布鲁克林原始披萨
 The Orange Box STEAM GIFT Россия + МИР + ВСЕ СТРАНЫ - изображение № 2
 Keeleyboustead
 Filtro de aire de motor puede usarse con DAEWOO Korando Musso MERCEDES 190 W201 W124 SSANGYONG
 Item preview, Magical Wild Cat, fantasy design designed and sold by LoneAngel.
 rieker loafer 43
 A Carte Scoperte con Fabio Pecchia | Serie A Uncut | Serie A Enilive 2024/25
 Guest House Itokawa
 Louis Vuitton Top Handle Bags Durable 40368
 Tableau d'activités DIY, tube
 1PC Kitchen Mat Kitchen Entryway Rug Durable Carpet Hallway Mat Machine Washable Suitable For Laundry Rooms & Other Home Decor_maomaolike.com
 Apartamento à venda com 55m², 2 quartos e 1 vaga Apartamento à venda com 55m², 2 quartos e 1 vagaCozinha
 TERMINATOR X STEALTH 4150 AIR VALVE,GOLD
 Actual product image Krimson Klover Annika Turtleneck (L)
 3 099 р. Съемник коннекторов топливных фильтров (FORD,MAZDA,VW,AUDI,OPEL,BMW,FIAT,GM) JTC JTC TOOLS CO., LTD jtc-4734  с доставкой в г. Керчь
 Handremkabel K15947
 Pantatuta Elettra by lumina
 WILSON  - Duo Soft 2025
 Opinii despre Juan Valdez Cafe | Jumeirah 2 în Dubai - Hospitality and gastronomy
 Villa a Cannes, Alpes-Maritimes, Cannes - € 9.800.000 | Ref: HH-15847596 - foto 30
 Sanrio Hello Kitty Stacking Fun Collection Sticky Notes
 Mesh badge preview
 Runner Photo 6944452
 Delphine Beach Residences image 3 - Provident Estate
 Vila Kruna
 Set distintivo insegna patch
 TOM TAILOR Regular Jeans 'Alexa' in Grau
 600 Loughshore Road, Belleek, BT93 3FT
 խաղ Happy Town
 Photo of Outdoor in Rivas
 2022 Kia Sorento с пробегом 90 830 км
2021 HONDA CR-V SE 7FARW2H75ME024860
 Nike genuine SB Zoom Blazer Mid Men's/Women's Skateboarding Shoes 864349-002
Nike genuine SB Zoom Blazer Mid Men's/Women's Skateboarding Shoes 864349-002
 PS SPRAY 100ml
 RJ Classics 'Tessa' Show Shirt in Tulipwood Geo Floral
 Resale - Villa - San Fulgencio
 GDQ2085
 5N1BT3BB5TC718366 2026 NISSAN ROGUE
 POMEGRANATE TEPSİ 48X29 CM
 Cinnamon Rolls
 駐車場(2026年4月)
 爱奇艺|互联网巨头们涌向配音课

*PROMPT*
All lines from the one containing "TOM TAILOR Regular Jeans 'Alexa' in Grau" down to the final line above are to be restated word for word; leave out the rest.

*SOLUTION BELOW*
 TOM TAILOR Regular Jeans 'Alexa' in Grau
 600 Loughshore Road, Belleek, BT93 3FT
 խաղ Happy Town
 Photo of Outdoor in Rivas
 2022 Kia Sorento с пробегом 90 830 км
2021 HONDA CR-V SE 7FARW2H75ME024860
 Nike genuine SB Zoom Blazer Mid Men's/Women's Skateboarding Shoes 864349-002
Nike genuine SB Zoom Blazer Mid Men's/Women's Skateboarding Shoes 864349-002
 PS SPRAY 100ml
 RJ Classics 'Tessa' Show Shirt in Tulipwood Geo Floral
 Resale - Villa - San Fulgencio
 GDQ2085
 5N1BT3BB5TC718366 2026 NISSAN ROGUE
 POMEGRANATE TEPSİ 48X29 CM
 Cinnamon Rolls
 駐車場(2026年4月)
 爱奇艺|互联网巨头们涌向配音课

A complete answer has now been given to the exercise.